Un texte de Grégory Taillon
Les centres commerciaux, longtemps symboles de modernité, connaissent depuis quelques années un déclin. Leurs taux d’inoccupation augmentent, alors que les grandes chaînes de magasins ferment leurs portes. Une telle situation pose de nombreux défis, mais représente davantage une opportunité qu’une problématique. Comment transformer les centres commerciaux en cœur de quartier?
C’est à l’architecte viennois Victor Gruen qu’on attribue généralement l’invention du centre commercial moderne. Son idée originale était toutefois bien différente du résultat qu’on connaît aujourd’hui. Dans sa réflexion, d’abord exprimée à travers une série de textes publiés dès le début des années 1950, Gruen était convaincu que les centres commerciaux devaient représenter davantage qu’une simple «collection de magasins». Pour lui, ce nouveau type de bâtiment devait combler l’absence de pôles sociaux, culturels et civiques dans les nouvelles banlieues, comme des satellites des centres-villes existants.
Malgré le grand succès de ses premiers projets, les promoteurs éliminent rapidement les programmes non commerciaux. Quelques années plus tard, avec du recul, l’architecte finit par admettre que son concept est un échec urbain et architectural. Les centres commerciaux sont d’importants consommateurs d’espace, en rupture avec leur environnement, dont l’accès sans voiture est difficile.
Un demi-siècle plus tard, ces lacunes restent les mêmes. Toutefois, un aspect important a changé. Avec l’étalement de la ville, les centres commerciaux, qui étaient implantés autrefois aux limites urbaines et sur des terrains de faible valeur, se retrouvent aujourd’hui à des endroits stratégiques. Au fil des ans, les différents réseaux de transport se sont adaptés pour en faire d’importants pôles dont on pourrait tirer davantage profit.
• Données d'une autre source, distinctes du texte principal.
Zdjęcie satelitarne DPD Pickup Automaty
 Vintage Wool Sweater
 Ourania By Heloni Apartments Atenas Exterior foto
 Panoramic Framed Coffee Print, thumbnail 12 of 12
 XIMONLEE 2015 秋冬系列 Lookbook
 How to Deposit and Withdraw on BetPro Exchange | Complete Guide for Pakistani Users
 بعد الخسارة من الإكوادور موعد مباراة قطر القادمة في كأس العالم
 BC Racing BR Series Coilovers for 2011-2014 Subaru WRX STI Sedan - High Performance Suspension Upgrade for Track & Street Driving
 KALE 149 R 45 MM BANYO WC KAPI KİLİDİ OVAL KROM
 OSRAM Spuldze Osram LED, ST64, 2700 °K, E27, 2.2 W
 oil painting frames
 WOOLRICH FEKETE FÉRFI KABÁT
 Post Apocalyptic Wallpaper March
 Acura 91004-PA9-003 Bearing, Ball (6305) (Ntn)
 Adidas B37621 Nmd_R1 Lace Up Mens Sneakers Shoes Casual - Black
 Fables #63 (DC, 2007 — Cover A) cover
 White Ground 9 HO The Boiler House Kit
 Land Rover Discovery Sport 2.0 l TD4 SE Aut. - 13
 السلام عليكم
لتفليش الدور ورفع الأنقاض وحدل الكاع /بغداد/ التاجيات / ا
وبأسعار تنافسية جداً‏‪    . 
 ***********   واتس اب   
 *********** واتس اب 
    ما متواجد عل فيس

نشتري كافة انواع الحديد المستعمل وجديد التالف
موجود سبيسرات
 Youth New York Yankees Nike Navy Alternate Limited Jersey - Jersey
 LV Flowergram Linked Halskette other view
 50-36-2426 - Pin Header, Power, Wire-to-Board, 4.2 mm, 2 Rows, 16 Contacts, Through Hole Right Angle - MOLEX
À Montréal, par exemple, la construction du Réseau électrique métropolitain (REM) et le prolongement de la ligne bleue du métro vers l’est porteront à vingt le nombre de centres commerciaux qui seront situés à moins de 400 mètres d’une station, soit cinq minutes de marche.
Mais pourquoi ne pas simplement raser ces bâtiments d’une autre époque pour laisser place à de nouveaux développements? Plusieurs raisons peuvent justifier ce choix.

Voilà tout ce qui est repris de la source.